There are 16 LEED certified buildings in the Grainger network in U.S., Canada, and Mexico. According to Grainger, it was the first industrial distributor to have LEED certified facilities, which, on average, reduce energy costs by 30 percent, water usage by 35 to 50 percent, and overall waste by as much as 90 percent. In Minooka, this waste reduction is accomplished through a number of strategies, which include:

• An approximately 2,200 square-foot solar wall, which uses air and solar capabilities to help reduce energy consumption.

• Energy efficient lighting along with motion sensors.

• Electric automobile charger stations.

It’s important for a company like Grainger to “walk the walk,” especially as it touts more service-based solutions for its customers that focus on sustainability and energy savings.

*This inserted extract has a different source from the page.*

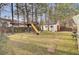 Large backyard with playset, including a treehouse and slide at 125 Trickle Dr, Summerville, SC 29483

Grainger’s 16 LEED facilities assume a total of 3.7 million square feet and the business continues to look for ways to reduce environmental waste.

Keeping Inventory Moving

But the sustainability and recycling components are just one piece of the puzzle. In the end, Grainger is all about getting product to the customer in the fastest way possible while keeping the needs of employees in mind. Flexibility is an important element to this operation, as Grainger works to maintain certain benefits for its 450 employees. “Bright Ideas” boards encourage collaboration and idea-sharing, and the facility’s “Decompression Room” allows Minooka associates to unwind with some TV or a game of ping pong. The facility is also home to a state-of-the-art fitness room, which employees have full access to.

From an ergonomic standpoint, workstations are developed in wood prototypes first to provide the ability to shift configurations so heights are optimal in the end product. They are designed to eliminate pushing or pulling of carts, helping to reduce the risk of sprains and strains. As they load and unload, workers can discard unneeded packaging onto an arm-height conveyor system that moves the excess through the facility. According to Robert Favaro, Director of DC operations, the facility recycled 303 tons of cardboard last year, along with 22 tons of plastic wrap. Metal scrap and banding is also recycled.

Industrial vending machines provide easy access to heavy use items like gloves and box cutters through the employee’s ID cards, and communication is facilitated by individual radios. Efficiency is important since the suburban Chicago DC’s commitment is to provide same-day service into the city when an order is placed by noon. Employees dubbed “water spiders” deliver boxes to individual packing stations so employees don’t need to leave their areas to re-stock supplies. Favaro says one of the facility’s top goals is to “take the travel away” and allow for the most throughput in the smallest footprint. An 85,000 square foot mezzanine helps facilitate the facility’s footprint optimization efforts. On the main floor, a large throughway dubbed “The Spine” segregates conveyable products from non-conveyable ones, keeping congestion to a minimum by designating space for each type of work.

Automation for the Future

This design to “take the travel away” makes perfect sense for many of the traditional DC operations. According to Favaro, non-value-added work where employees were walking five or six miles per day and pushing heavy carts could really take a lot out of warehouse employees. But Grainger Minooka is also very focused on not automating every process, especially when a human eye for detail can improve quality and accuracy. For example, says Favaro, “We try not to remove some of the knowledge element of the work that we do. Being able to say ‘this item doesn’t belong here even though the slotting tool said it should go here — I don’t think that manual part will ever be automated. That’s where the value of the tenure of your employees comes in.”